By Julian Linden
NEW ORLEANS (Reuters) - The power failure that halted Sunday's Super Bowl might have embarrassed the National Football League (NFL) but the players and coaches took it all in stride.
While not uncommon in sports events played at night, the NFL and New Orleans officials were left red-faced and scrambling for answers after the biggest event on the U.S. sporting calendar was stopped for 35 minutes because of a power outage.
Around half the overhead lights in the Superdome stadium went out shortly after the start of the third quarter with the Baltimore Ravens leading the San Francisco 49ers 28-6.
During the delay, players stretched and chatted to each other and waited patiently for all the lights to come on.
The 49ers, who had been outplayed to that point, benefited most from the stoppage, scoring 17 consecutive points after the re-start but came up just short, losing 34-31.

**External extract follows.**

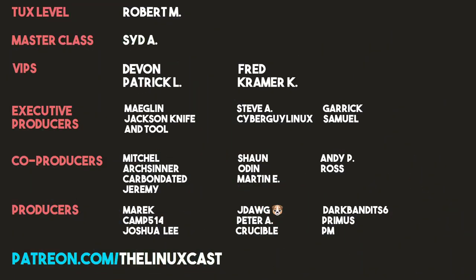Robert, Sid, Devon, Patrick, Fred, Kramer, Mago, Jackson, I'm from Tools, Steve A., I'm Rick at Linux, Garrett, Samuel, Mitchell, Arts Center, Carbon Data, Jeremy, Sean, Oden, Martin, E., Andy, Ross, Merrick, Camp, Joshua Lee, J-Dog, Peter A., Crucible, Dark, Band of States, Primus, and PM. Thanks everybody for watching. I'll see you next time.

"Both teams had to deal with it. I thought they dealt with it better, obviously," Ravens coach John Harbaugh said. "They were able to turn the momentum of the game."
Ravens quarterback Joe Flacco, who was named Most Valuable Player, threw three touchdown passes before the break but none after the resumption.
"Those things happen and both teams had to deal with it," Flacco said. "We came off and they were facing a third and 14 and we got them stopped and we didn't really do anything with the ball."
San Francisco 49ers tackle Bernard Pollard said his team were glad when the lights went out because they suffered an almost identical experience in a nationally televised game at Candlestick Park last year.
"We had a similar situation in our stadium when we played last year against Pittsburgh on Monday Football," he said.
"That was my first thought. I immediately thought we had a power outage against Pittsburgh last year and we came out on fire. "I was excited."
The stoppage was the latest in a series of embarrassing Super Bowl incidents for the NFL. In 2004, Janet Jackson blamed a "wardrobe malfunction" after revealing part of her breast during the halftime entertainment show.
And two years ago in Dallas, the NFL had to turn away dozens of fans who bought tickets that did not exist.